Efficient Large Flow Detection over Arbitrary Windows: An Algorithm Exact Outside An Ambiguity Region
- large flow detection: flows that consume more than some threshold; e.g., dos attacks
- “arbitrary window model” checks “every possible time window in the past”; general solution, impossible for large flows to evade
Crossroads: A Practical Data Sketching Solution for Mining Intersection of Streams
- identify significant performance anomaly events in real-time in a large cell network
- this can be viewed as a conventional association-rule mining problem, iff it was possible to record
OFSS: Skampling for the Flow Size Distribution
- sampling & sketching
- consider flow size distribution
- state of the art of netflow flow sampling is the great destroyer of the flow size distribution
- simple sketch onto a counter array
- flow sampling requires a flow table, impacting performance; sketching is very fast, but may have collisions
Session 6: Shedding Light on the Web
**Dissecting Web Latency in Ghana **
- the web in developing countries is slow
- connection speeds are increasing as average page sizes are increasing; server locations, routing configuration, and submarine cable layouts do not help
- in the example presented, DNS resolution in 2012 was a large contributor, but this has halved by 2014; connect() time has doubled between 2012 and 2014
- DNS lookup is dominant factor; 15-40% contribution to average page load time
- Redirects account for 80% of websites; 20-25% contribution
- TLS/SSL has an increasingly larger impact; 8-15% of requests required TLS/SSL
- require better caching schemes and/or new CDN architectures and/or redesigning web pages for better caching
Q&A
- how generalisable is this? A: this probably carries for other countries
Session 7: Internet Censorship
A Look at the Consequences of Internet Censorship Through an ISP Lens
- require data snapshots before and after censorship events
- examines consequences of internet censorship in the context of a medium-sized ISP in pakistan
- data between October 11 and August 13
- nov’11; thousands of porn domains blocked; sep’12: youtube blocked
- entire analysis based on Bro protocol logs
- traces split into SOHO and residential
- network dumps captured in ISP’s core network
- example: consistent no response to domains on DNS implies censorship
- observation: no shift to public DNS resolvers for residential users
- observation: noticeable shift to public DNS resolvers for SOHO users
- collateral damage: after the youtube block, google docs traffic also dropped noticeably
Q&A
- they did not have the ability to associate traffic to particular users
Censorship in the Wild: Analyzing Internet Filtering in Syria
- measuring censorship usually entails probing (generate requests, see what gets blocked)
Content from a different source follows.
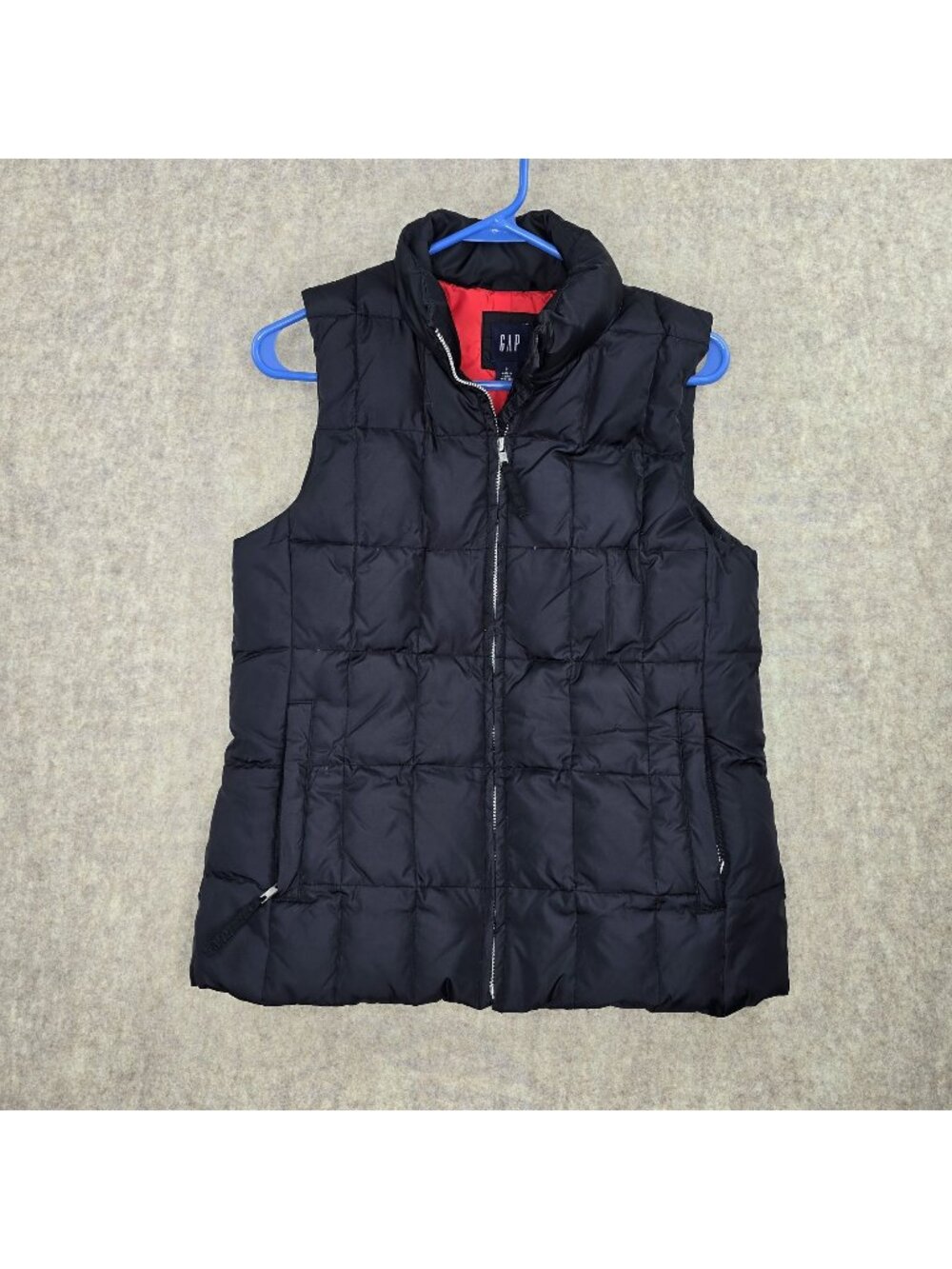 Gap Womens Puffer Vest Black & Red Size S Nylon & Down Zip Closure Quilted Style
- inherently limited by scale of measurement possible
- 600GB of logs from 7 blue coat SG-9000 proxies leaked from syria in summer 2011 by telecomix
- data has flow-level identifiers (with source IP removed or hashed), plus HTTP details, plus results of filtering decision on device
- broadly: 93.2% of requests allowed; 6.3% denied (5.3% network error, and 1% “policy denied” (7M) or “policy redirect” (2K)); 0.5% proxied, response is cached someplace
- observation: false positives on keyword filtering: “proxy”, for example, is a common word
- observation: metacafe, skype, wikimedia, *.il, amazon.com, for example, blocked
- observation: social media: facebook.com often allowed, but not always; particular pages that may be politically sensitive on facebook are blocked
- observation: entire subnets filtered, representing Israel, Kuwait, Russia, etc
- anti-censorship tech: tor was not filtered during study (it is now); google cache was still being used to access censored content
- ethical considerations: this is sensitive data; encrypted at rest; aggregated stats only; IRB approval
Q&A
- tor traffic is identified as traffic traveling to known-public tor entry relays
Capturing Ghosts: Predicting the Used IPv4 Space by Inferring Unobserved Addresses
- how much space is actively used?
- data collection -> capture-recapture -> population estimates
- collects IPv4 addresses from multiple (9?) different data sources
- regions that will run out first are LACNIC and APNIC, then AfriNIC, then RIPE, then ARIN
- estimates 1.2G IPv4 addresses used (45% of publicly routed space)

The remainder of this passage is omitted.